# A stupid question



## Pikache (7 Jan 2004)

What does ‘NoDuff‘ mean?

I know it has something do with an accident and casualties, but that‘s about it.


----------



## Spr.Earl (7 Jan 2004)

NOT A STUPID QUESTION AT ALL!!!   
EVERY ONE MUST KNOW THIS!!!!  :threat:  

Used for Emergencies over the Net when a accident happen‘s on Ex.

On Ex used to clear the Rad. Net of all traffic to get your emergency call out.
If heard you stay off the net and listen in case you can go and give assistance. 

Example = 0 this is Echo 69er NO DUFF,NO DUFF.
Once all station‘s hear NO DUFF they should stop transmiting to let you have priority on the NET to transmit the perticuler‘s.

Example = Dust Off at Grid  @#$% -  *&^%
Then explain the injuries and help needed as the help will get the info while on the way.

It‘s a brief description but hope it help‘s.


----------



## chrisp1j (7 Jan 2004)

Yeah, he‘s right, its very, very serious. No Duff, means somthing is really really wrong.


----------



## Garry (8 Jan 2004)

correct, but with a slight amplification:

"No Duff" is roughly equal to "no fooling"- a way to differentiate between excercise input and real life. 

An exercise may well have simulated casualties, which would require action. In the event that a real casualty occurs, there must be a way to diferentiate: hence the "no duff" call/preface. "No Duff" lets all concerned know that the following message is real.

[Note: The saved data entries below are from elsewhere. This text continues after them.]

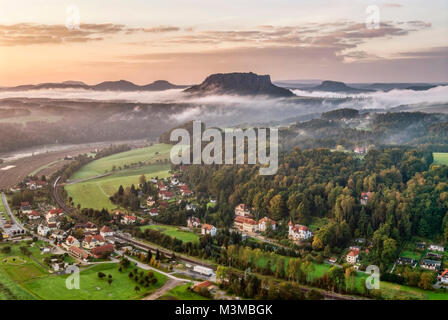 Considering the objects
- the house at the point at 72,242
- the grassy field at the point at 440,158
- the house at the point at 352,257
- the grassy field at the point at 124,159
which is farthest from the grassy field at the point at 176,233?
the grassy field at the point at 440,158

May also be heard in the Mess in response to a particularly exciting story ("really?" "No duff Bud!") Conversly, bad information/disinformation may be referred to as "duff" or "bad gen".

Weird world we live in, eh?


----------



## Garry (8 Jan 2004)

On reflection, "No Duff" may also be heard if there is no beer at Moe‘s.


----------



## chrisp1j (8 Jan 2004)

Right on Garry, well put.


----------



## Pikache (8 Jan 2004)

Cool. Thanks.


----------



## Spr.Earl (8 Jan 2004)

> Originally posted by Garry:
> [qb] On reflection, "No Duff" may also be heard if there is no beer at Moe‘s.
> 
> [/qb]


We just yell "NO F‘N BEER"


----------



## Spr.Earl (8 Jan 2004)

ALL REMEMBER!! 

If your the Rad. Op. and a NO DUFF happen‘s 
"ALWAY‘S GIVE YOUR GRID FIRST!!!!"

Even though your 0 call sign will only give the C.P.‘s Loc,this is Not YOUR LOC.!!!

Remember your Grid first to O !!!

Sooner you give your LOC. the faster help is on the way!!!

Then if you if have "A DUST OFF ASK FOR IT!!"

Then the perticuler‘s of the injury!!
Treatment already given!!!!!
The above A MUST!!!


From there on will be S.N.,Rank,Name,Blood Type.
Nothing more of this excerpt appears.